Maksim Semenov

Personal information
- Full name: Maksim Anatolyevich Semenov
- Nationality: Russia
- Born: 7 April 1979 (age 47) Tolyatti, Russian SFSR, Soviet Union
- Height: 1.74 m (5 ft 8+1⁄2 in)
- Weight: 66 kg (146 lb)

Sport
- Style: Greco-Roman
- Club: Torpedo Moskva
- Coach: Rerik Sadikhanov

= Maksim Semenov (wrestler) =

Russian Greco-Roman wrestler

Maksim Anatolyevich Semenov (Максим Анатольевич Семёнов; born April 7, 1979, in Tolyatti) is a retired amateur Russian Greco-Roman wrestler, who competed in the men's welterweight category. He obtained a fourth position in the 66-kg division at the 2002 World Wrestling Championships in Moscow, and also represented his nation Russia at the 2004 Summer Olympics, finishing ninth in the process. Throughout his sporting career, Semenov trained full-time for Torpedo Wrestling Club in Moscow, under his personal coach and mentor Rerik Sadikhanov.

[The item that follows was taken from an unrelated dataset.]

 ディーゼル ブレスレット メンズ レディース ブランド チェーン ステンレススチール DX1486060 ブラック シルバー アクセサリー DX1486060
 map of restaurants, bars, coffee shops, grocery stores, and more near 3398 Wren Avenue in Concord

Semenov qualified for the Russian squad in the men's 66 kg class at the 2004 Summer Olympics in Athens by filling up an entry by the International Federation of Association Wrestling and the Russian Olympic Committee through a reallocation process. He lost his opening match to Armenia's Vaghinak Galstyan by a 2–2 draw, but bounced back to defeat Sweden's Jimmy Samuelsson with a solid 3–1 decision, placing second in the prelim pool round and did not advance to the quarterfinals. Semenov originally claimed the eleventh position in the final standings, but two wrestlers were both disqualified by a forfeit in a playoff, upgrading him to ninth.